If my understanding is correct, bromous acid ($\ce{HBrO2}$) is a stronger acid than hypobromous acid ($\ce{HBrO}$) because the additional electronegative oxygen atom draws the electron away from the hydrogen atom, making dissociation for $\ce{H+}$ easier.

Then why is hydrobromic acid stronger than hypobromous acid, despite the latter having one more electronegative atom to pull the electron? Are other factors involved here? And how do we decide which factor weighs more?

$\mathrm{p}K\mathrm{a}$ data:

The structure of $\ce{HBr}$ and $\ce{HBrO}$ is different, and also the place from where the proton leaves the molecule is also diferent.So, we have to take account of this and also the stability of the conjugate base formed after deprotonation.
In $\ce{HBrO, }$ the proton is attached to the $\ce{O}$ atom of the molecule.The molecule can lose proton as, $$\ce{H -O -Br <=> H^+ + (O -Br)^-}$$ The negative charge here mainly resides on the Oxygen, which makes $3$ lone pairs on $\ce{O}$ atom, adjacent to that, there is also electron rich $\ce{Br}$ atom, which also has $3$ lone pairs on it, so there are inter electronic repulsions. For the conjugate base to get stabilisation, the weak $\ce{-I}$ effect of $\ce{Br}$ atom is not at all sufficient. Instead, if the lone pairs can somehow delocalise that will contribute better to stability of the conjugate base. But the lone pair resides on the $\ce{2p}$ orbital of Oxygen, which can't at all effectively overlap with filled$\ce{4p}$ orbital of $\ce{Br}$, and $\ce{4d}$ orbitals are hugely high in energy. So, due to high electronic repulsion, no chances of delocalisation, and very weak $-I$ effect of $\ce{Br}$ can't make the conjugate base stable at all. So, $\ce{HOBr}$ has high $\ce{pK_a}$.
But if you come to $\ce{HBr}$, the bond between $\ce{H}$ and $\ce{Br}$ is very weak.

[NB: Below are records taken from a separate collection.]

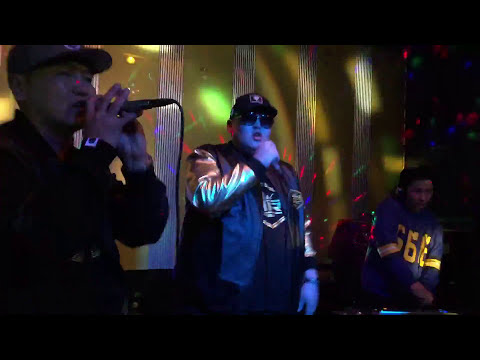 Dj Nasaa and Monta rap desant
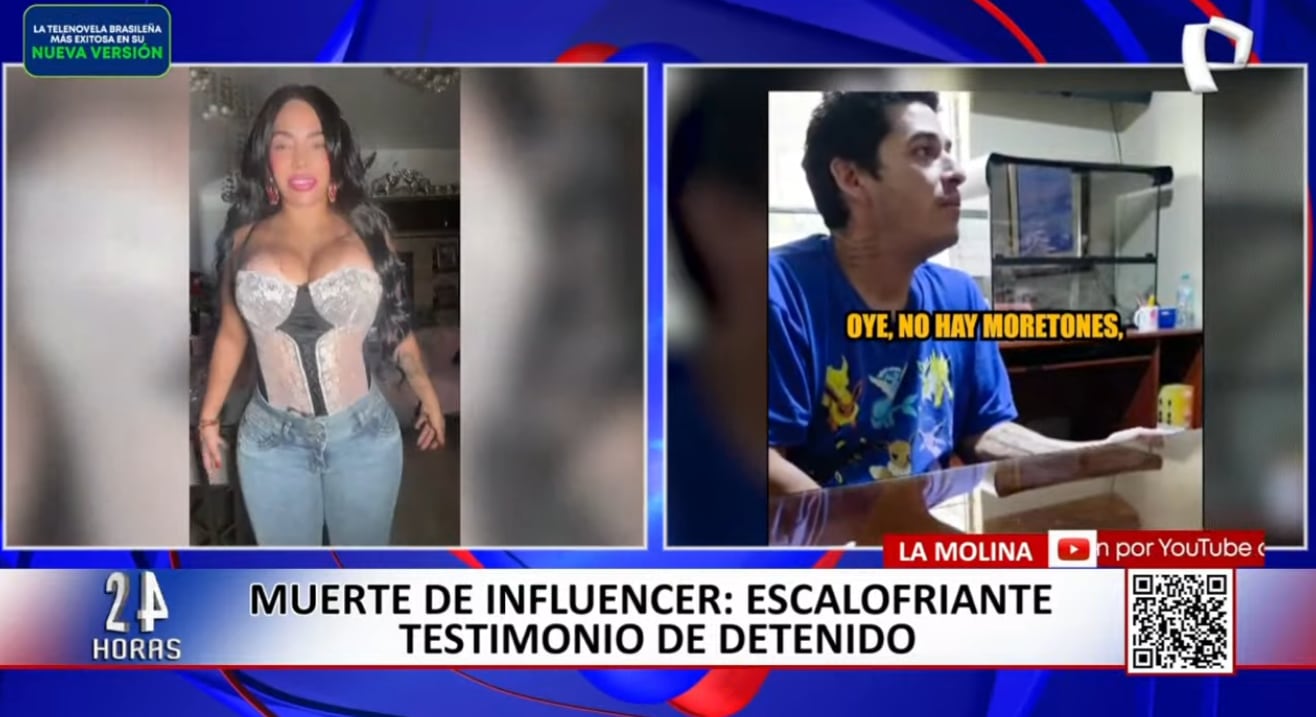 Óscar Raúl Arias Muñoz, asesino de 'La Chocolatita', asegura que solo se vieron en dos oportunidades y niega vínculo amical entre ellos.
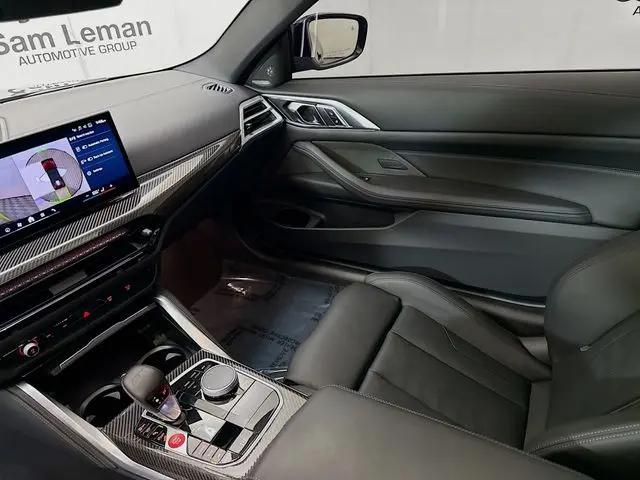 2025 BMW M4 Competition xDrive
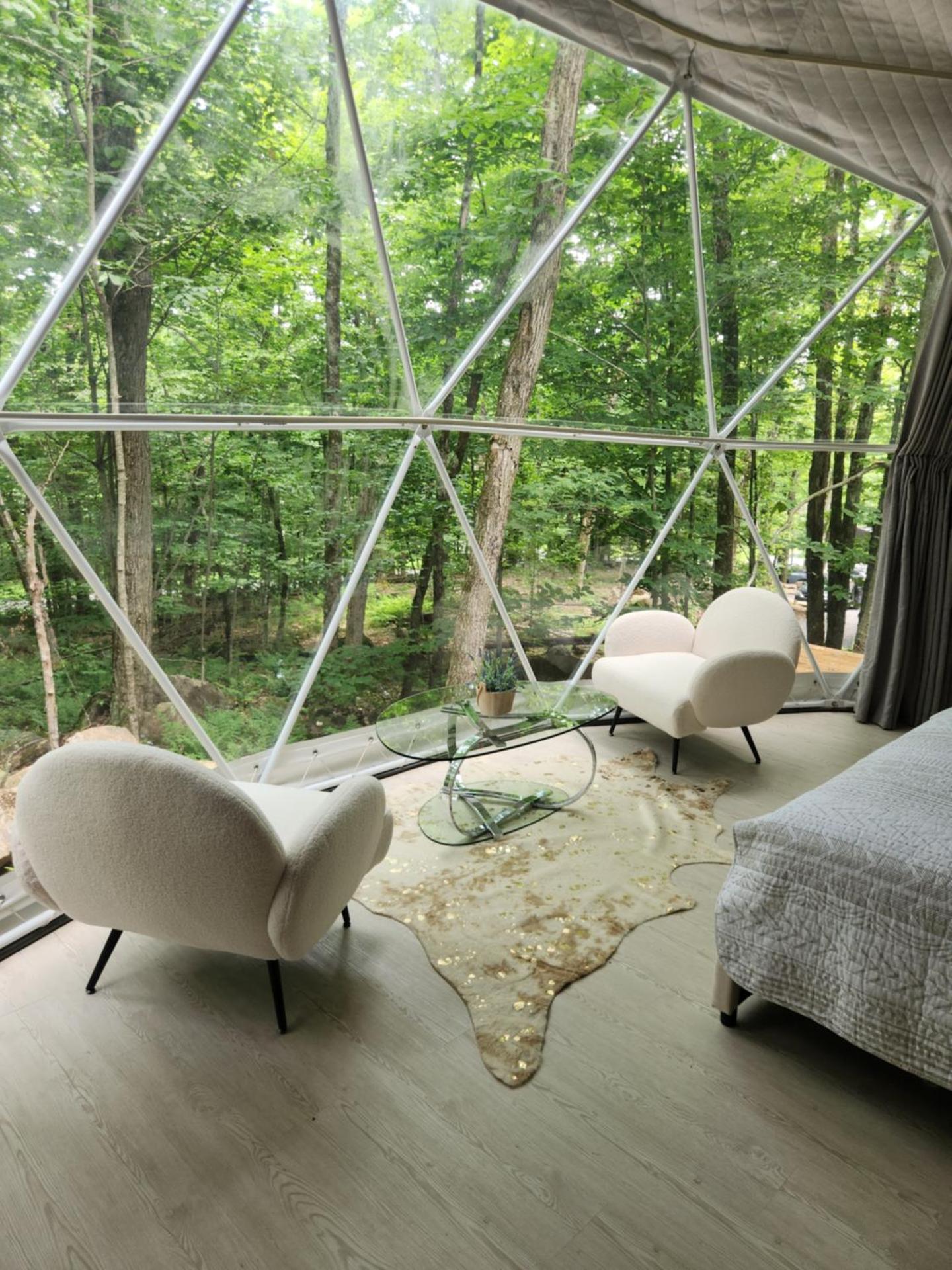 Dômes nordik 4 saisons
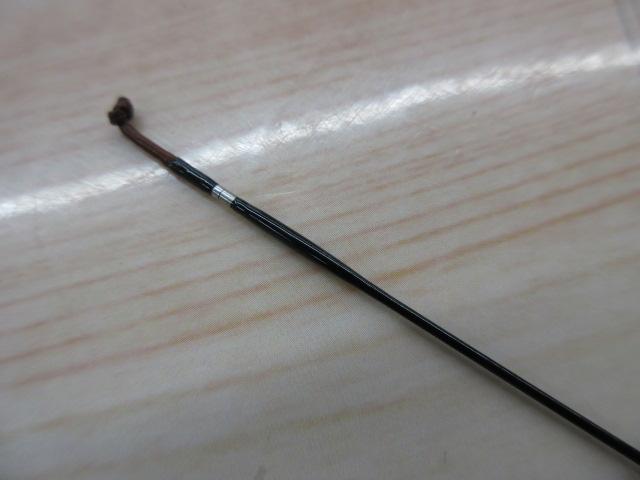 枯法師 13・Q 赤色落款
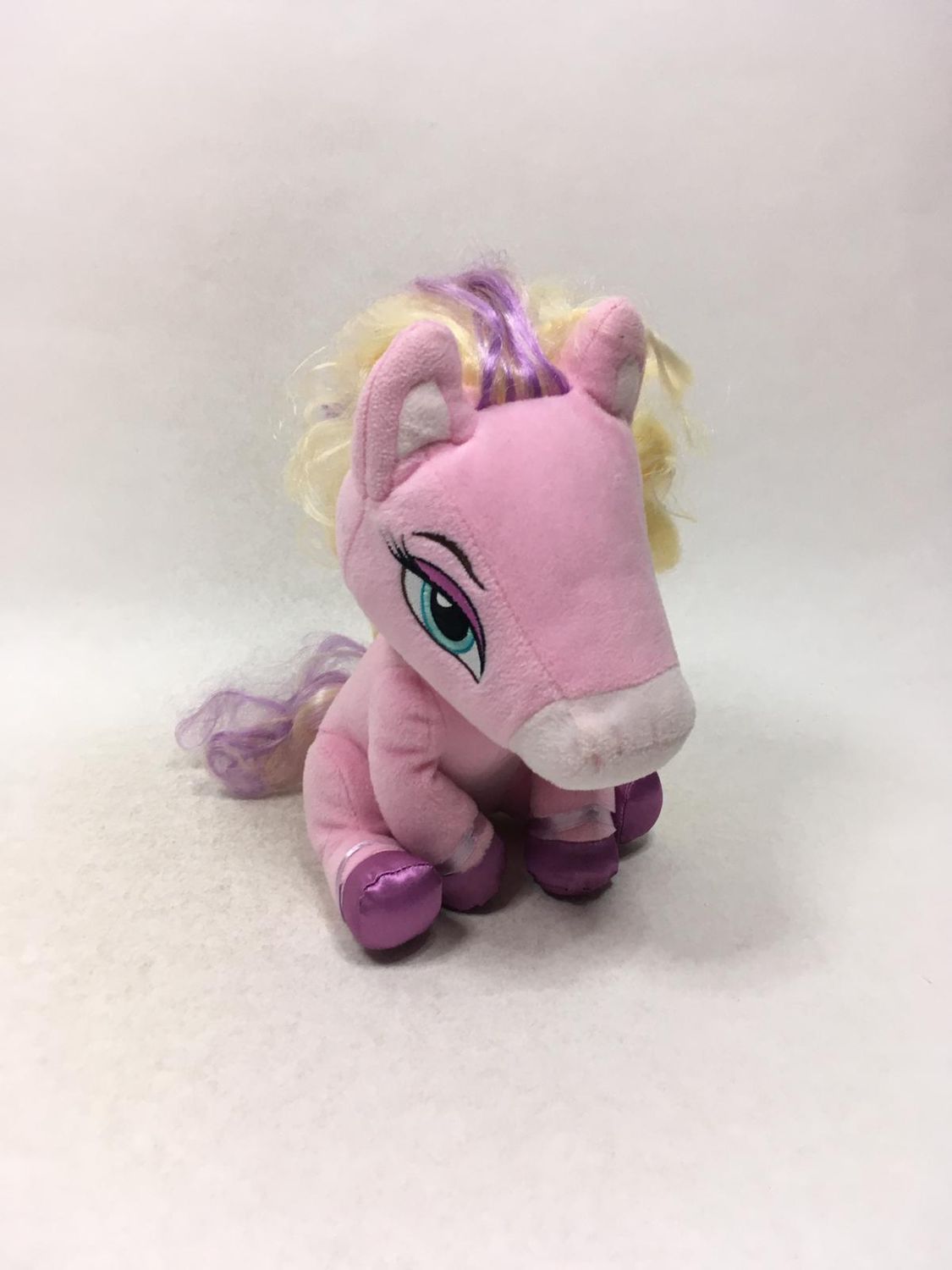 Bratz Ponyz Knuffel sitzend 33 cm Sammlerstück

More over if you dissolve it in a sloution, the weak bond is easily broken, and the individual cations and anions can get extensively solvated which makes the whole process of dissociation thermodynamically very much favourable.That's why, the $\ce{pK_a}$ of $\ce{HBr}$ is very low which means it can dissociate very easily in a solvent.